Strip the pictures and reproduce the rest of the listing exactly.

__MATERIAL PROVIDED__.
___
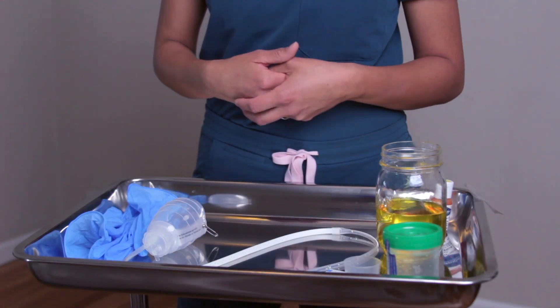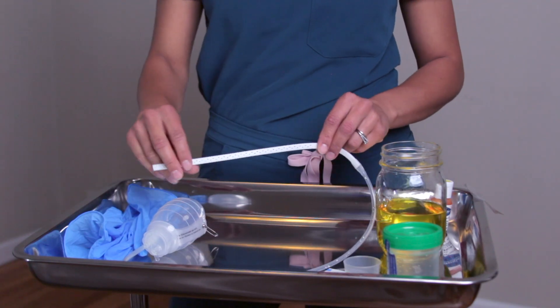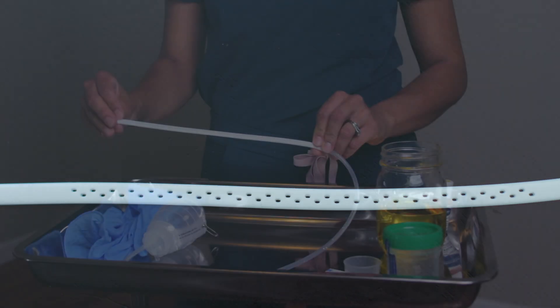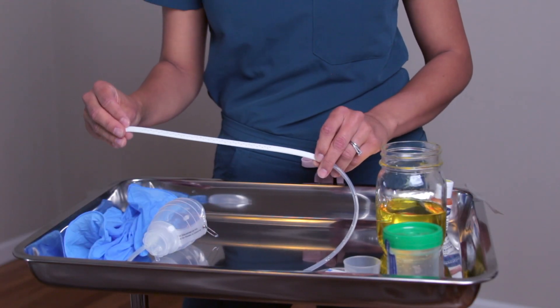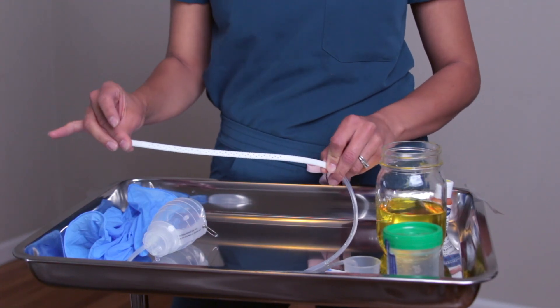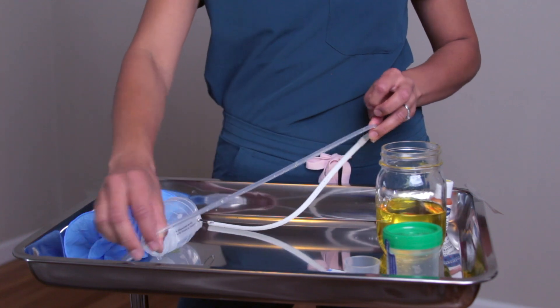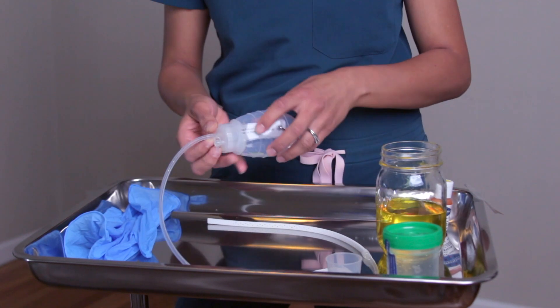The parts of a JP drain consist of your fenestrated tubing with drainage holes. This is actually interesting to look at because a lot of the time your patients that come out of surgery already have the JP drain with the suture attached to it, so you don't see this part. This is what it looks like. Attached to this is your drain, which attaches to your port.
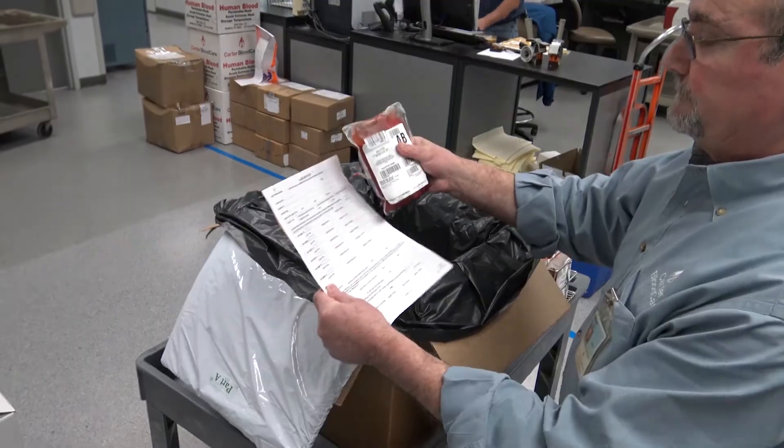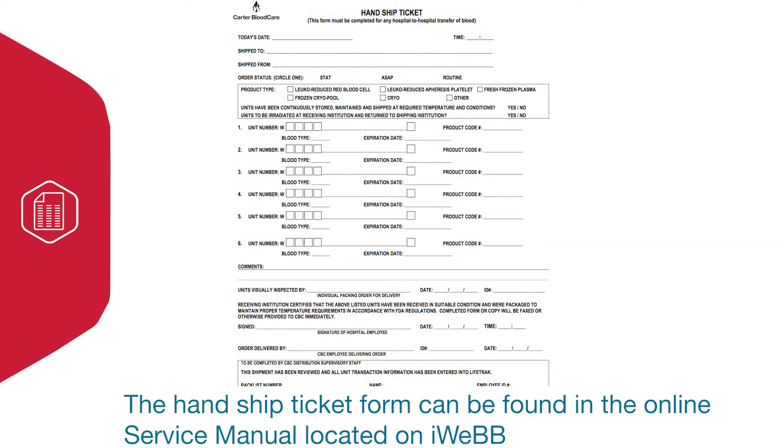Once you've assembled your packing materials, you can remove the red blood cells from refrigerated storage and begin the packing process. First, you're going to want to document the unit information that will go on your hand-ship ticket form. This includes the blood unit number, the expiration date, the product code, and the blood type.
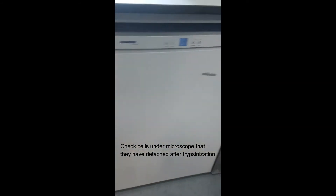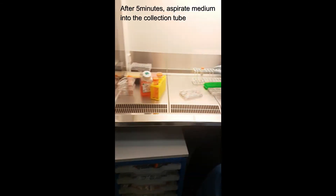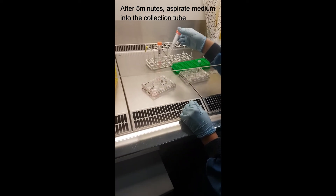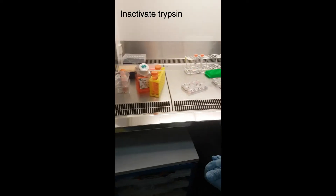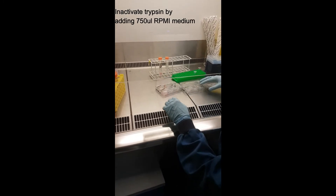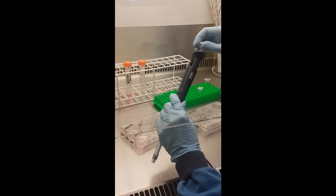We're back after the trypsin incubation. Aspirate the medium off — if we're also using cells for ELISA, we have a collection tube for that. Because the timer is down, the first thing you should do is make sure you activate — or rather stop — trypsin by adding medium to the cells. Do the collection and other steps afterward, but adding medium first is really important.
___
__RESPONSE__.
The parts of a JP drain consist of your fenestrated tubing with drainage holes. This is actually interesting to look at because a lot of the time your patients that come out of surgery already have the JP drain with the suture attached to it, so you don't see this part. This is what it looks like. Attached to this is your drain, which attaches to your port.
Once you've assembled your packing materials, you can remove the red blood cells from refrigerated storage and begin the packing process. First, you're going to want to document the unit information that will go on your hand-ship ticket form. This includes the blood unit number, the expiration date, the product code, and the blood type.
We're back after the trypsin incubation. Aspirate the medium off — if we're also using cells for ELISA, we have a collection tube for that. Because the timer is down, the first thing you should do is make sure you activate — or rather stop — trypsin by adding medium to the cells. Do the collection and other steps afterward, but adding medium first is really important.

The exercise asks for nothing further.